Regular 1-factorizations of complete graphs and decompositions into pairwise isomorphic rainbow spanning trees

A 1-factorization F of a complete graph K2n is said to be G-regular, or regular under G, if G is an automorphism group of F acting sharply transitively on the vertex-set. The problem of determining which groups can realize such a situation dates back to a result by Hartman and Rosa (1985) on cyclic groups, and it is still open even though several other classes of groups were tested in the recent past. An attempt to obtain a fairly precise description of groups and 1-factorizations satisfying this symmetry constraint can be done by imposing further conditions. In this paper we prove that, regardless of the isomorphism type of G, the existence of a G-regular 1-factorization of K2n together with a complete set of isomorphic rainbow spanning trees which are in the orbit of a single one is assured if and only if n ≥ 3 is an odd number.
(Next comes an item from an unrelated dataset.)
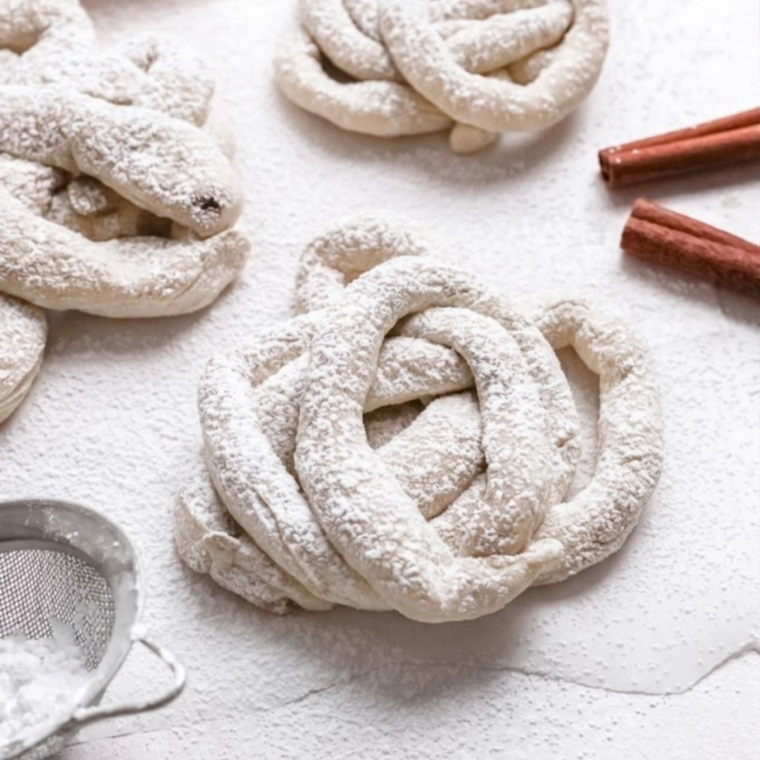 Crispy homemade funnel cakes made in the air fryer topped with powdered sugar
Also, when n is even, we examine dihedral groups: for each dihedral group G of order 2n ≥ 6, it is possible to exhibit a G-regular 1-factorization of K2n together with two non isomorphic rainbow spanning trees whose partial orbits give rise to a complete set. This extends some recent results obtained by Caughman et al. (2017) and by Mazzuoccolo et al. (2019) for the class of cyclic groups.